Where does this leave us? We can also complain or lament our situation to the Father, but I think there are some things that we need to remember when doing so. This is to help us align with what God wants to do in us and through us. First, we need to remember to pray not just gripe. We have desires, wants and even needs that we want God to respond to. God can respond to us and our requests and do so with power. In complaining, there is still a hope within us that God will respond to us and our requests – even if it does not look like it is possible. Abram knew this. Hope expresses the fact that God is present both effectually and faithfully so. Prayer is a way of realigning ourselves with God because we know that God wants to be faithful to us and answer our prayers.  More than that, God not only renew his promise of a child but expanded it to become a nation that Abram could not number. And Abram believed what God said to him and called him righteous and friend.

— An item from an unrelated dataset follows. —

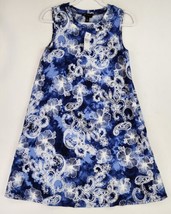 AB Studio Dress Womens Small Blue White Tie Dye Paisley Swing Coverup Mini - £30.16 GBP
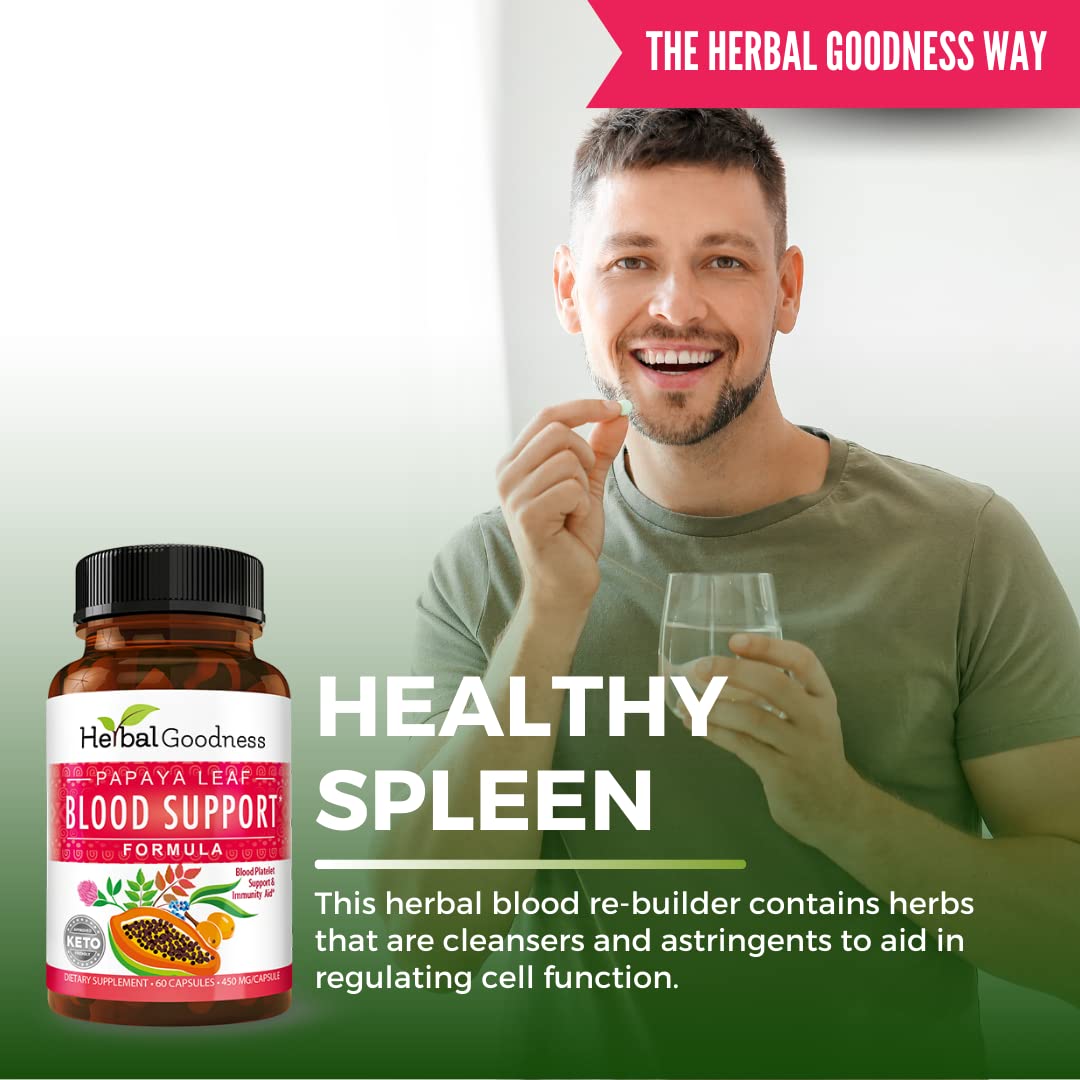 Herbal Goodness bottle on wood surface promoting natural wellness display.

Moreover, we need to see that the Good News that we receive is that the child sent to us, the son is given to us the answer to our need for God dealt with death. IN order to be faithful to Abram and Sarai, and to David and to all those to whom God has made promises over the millennia, God became flesh and dwelt among us. God with the flesh on walked up the hill dragging his cross and gave his life so that we could in turn walk with him into eternity. That eternity for all of us begins in the here and now when we put our trust and begin to participate in Christ. God will get to the goal. God will fulfil his promise, even though there is pain and suffering, through blood and water and even through death itself. God wants to be faithful to you too.